EECS Instructional Support Group (ISG) systems administrator Yang "Linda" Huang, has just published her third book, My Good Son (University of New Orleans Press, May 2021).  The novel, described as "layered, evocative and engaging" by Ms Magazine, had been selected for the University of New Orleans (UNO) Publishing Lab Prize "for the best unpublished novel or short story collection" by authors from around the world.  Like Huang's previous work, "My Good Son" focuses on the generational and cultural complexities of post-Tiananmen Chinese family life.  The story centers on a traditional Chinese father striving for the success of his son, and explores "the parallels and differences of American and Chinese cultures―father-son relationships, familial expectations, sexuality, social mobility, and privilege."  "My Good Son" was reviewed by both the  New York Times and the San Francisco Chronicle.  Huang, who was featured in the Chinese Literature Podcast on June 4th, will be participating in a Virtual Launch at Booksmith on June 9th, where she will engage in a conversation with author Kaitlin Solimine.

A paper co-authored by Berkeley EECS Prof. Jeffrey Bokor, his postdoc Yuxuan Lin, Berkeley Physics Prof.
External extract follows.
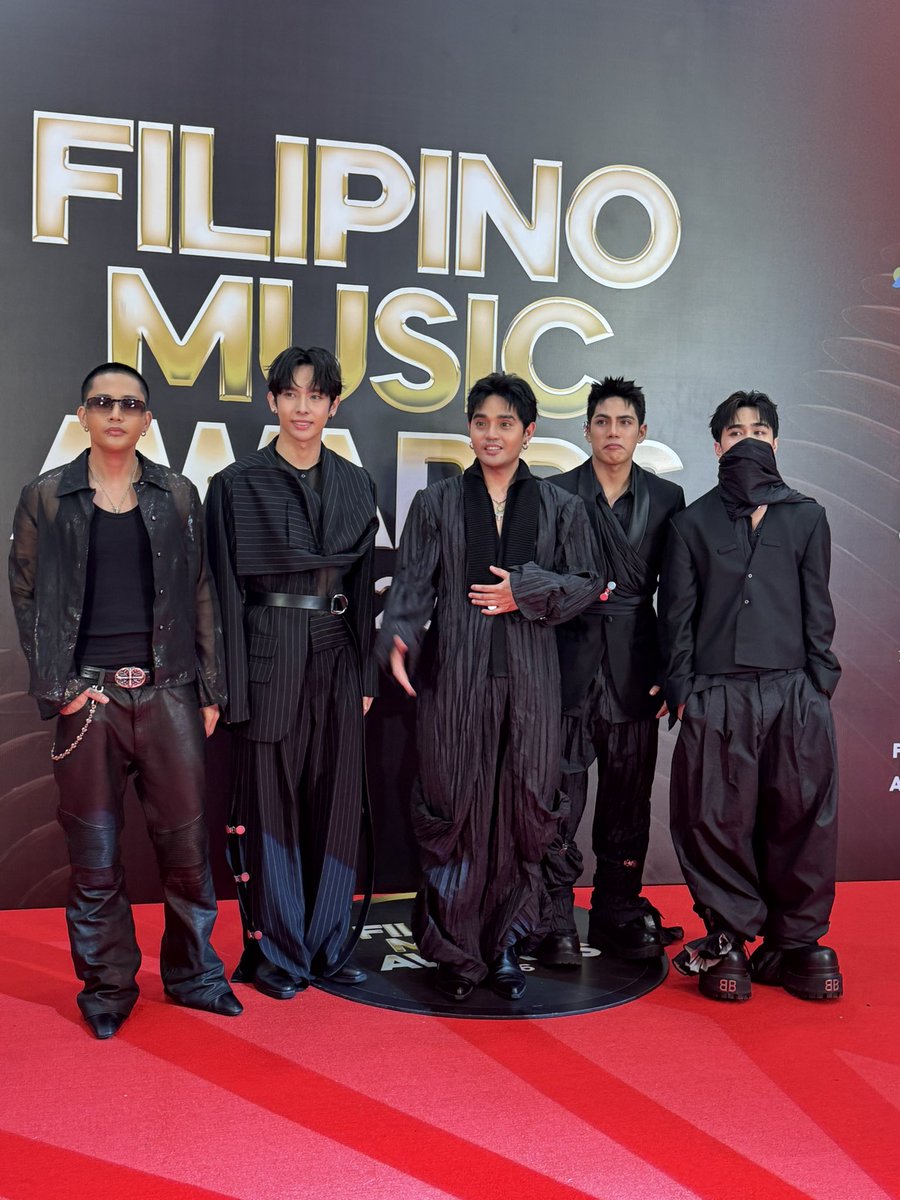 MSLifeAndShow's tweet photo. #MSShowbiz | P-pop Kings SB19 at the red carpet of Filipino Music Awards 2026 https://t.co/qkzUcoa5X0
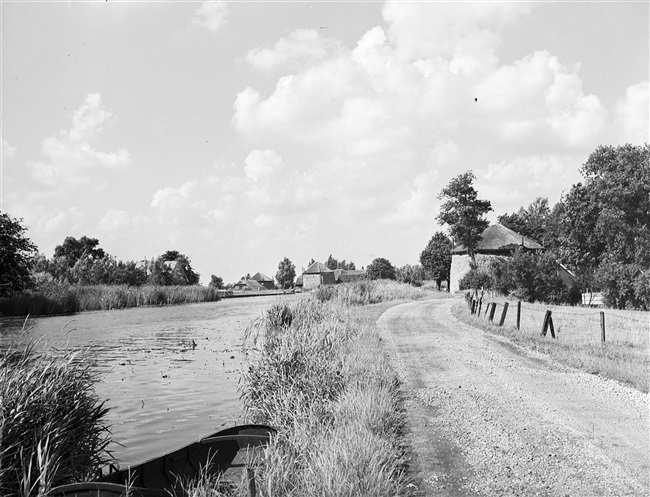 Hooibergen aan de rivier de Drecht bij Vriezekoop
Alex Zettl, his postdoc Cong Su, and researchers at MIT, among others, describes a more efficient method of connecting atomically thin 2-D materials to other chip elements, making them a more promising alternative to 3-D silicon-based transistors.  The paper, which was published in Nature, is titled "Ultralow contact resistance between semimetal and monolayer semiconductors." It describes how using the element bismuth (in the place of ordinary metals) for connections in monolayer materials can create contact resistances that approach the quantum limit and make it possible to develop smaller devices.  “We resolved one of the biggest problems in miniaturizing semiconductor devices, the contact resistance between a metal electrode and a monolayer semiconductor material,” says Su. "Through this approach," the paper states, "we achieve zero Schottky barrier height, a contact resistance of 123 ohm micrometres and an on-state current density of 1,135 microamps per micrometre on monolayer MoS2; these two values are, to the best of our knowledge, the lowest and highest yet recorded, respectively."